Blowfish Fugue -004- "Existential Hair"


   20010328.1334 EST @lanta, GA, USA

     A goof-ball friend of mine once told me a story -- a viewpoint for looking at humanity as Darwinistic expression of the propagation of hair. Consider: Hair is somewhat optional past the typical age during which children are produced. Also, viability as a potential mate is influenced by, if not exactly based on, one's capacity to express these theoretically dead polymerized chains of proteins and sugars in the right places.
     She went on at length about how these undead strands were collectively intelligent, operating in colonies of styles and textures to compete with one another for valuable scalp-space, forging and breaking political alliances, platinum bouffant against afro, suddenly ganging up on dyed strawberry curls.

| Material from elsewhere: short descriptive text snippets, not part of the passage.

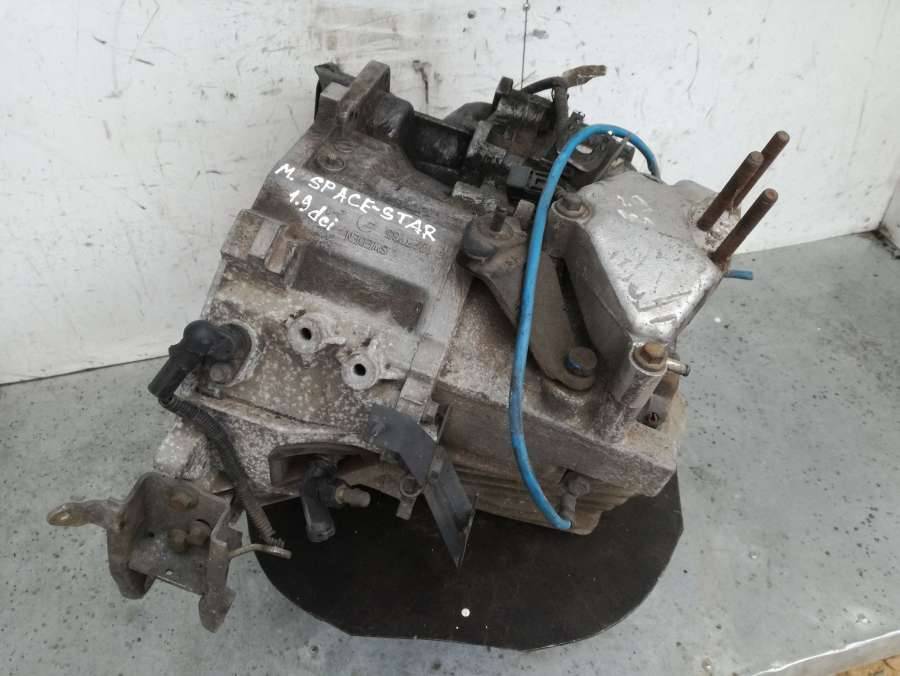 КПП механическая (МКПП) Mitsubishi Space Star 1 поколение 2000, 1.9 л., дизель, минивэн - фото №1
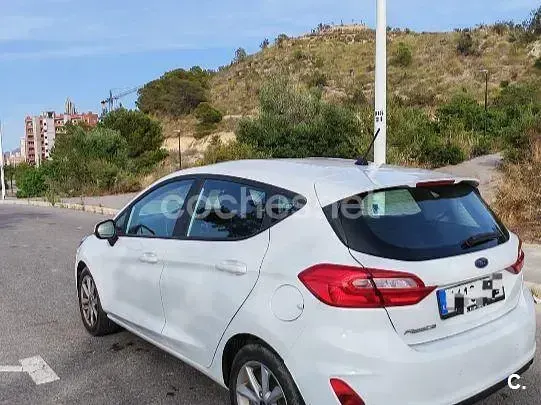 Usado Ford Fiesta Trend 85 CV (62 kW) 2019 Blanco Utilitario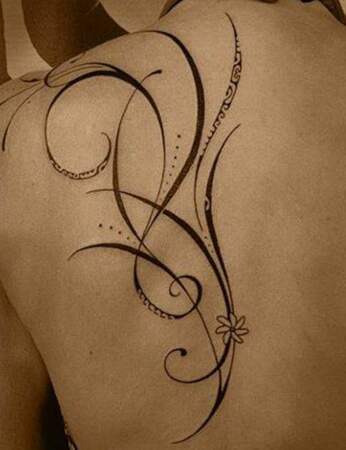 Un tatouage polynésien sur l'omoplate  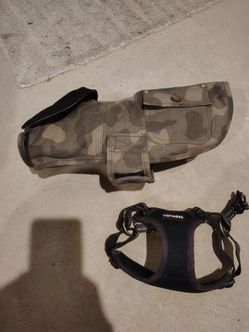 Carhartt small camo camouflage dog jacket and harness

She claimed that somehow the hair was the seat of the invisible soul -- and that eyes and rectums and cochleas and cerebellums and such are mere ancillary support structures for the production and support of one's masterminding hair-colony.
     Chilling. Positively chilling. To think that all these machinations are going on behind our backs... or thereabouts.
     Whatever. It's all over my head.
     But it certainly makes you think twice about whatever tripe they try to sell you on the Home Religion Network.

* * * * *
     This one I at least have a tie-in/follow-up for. I got a tearful phone-call shortly after reboot from a young lady who claimed that I followed her back to her hair studio for a "trim". She said I got a little out of control and tried to see if the hair-gel she was using was flammable. It turns out that it was -- and she took revenge by picking up a two pairs of shears and going dakini all over my ass. She said I pissed her off further by laughing too hard to be able to defend myself properly.
     That certainly sounds like me all over.
     Anyway, she said that she over-reacted -- it only took her ten minutes to regrow her scalp and then she had a fresh crop to work with. She offered to pay my co-pay once she found out I had an unlimited contract.
     I asked if I could take it in store credit since she was a hair-dresser. She said, "Sure, as long as I get to use you to practice my technique with a propane torch."
     I'll probably take her up on it. It should be good for another entry.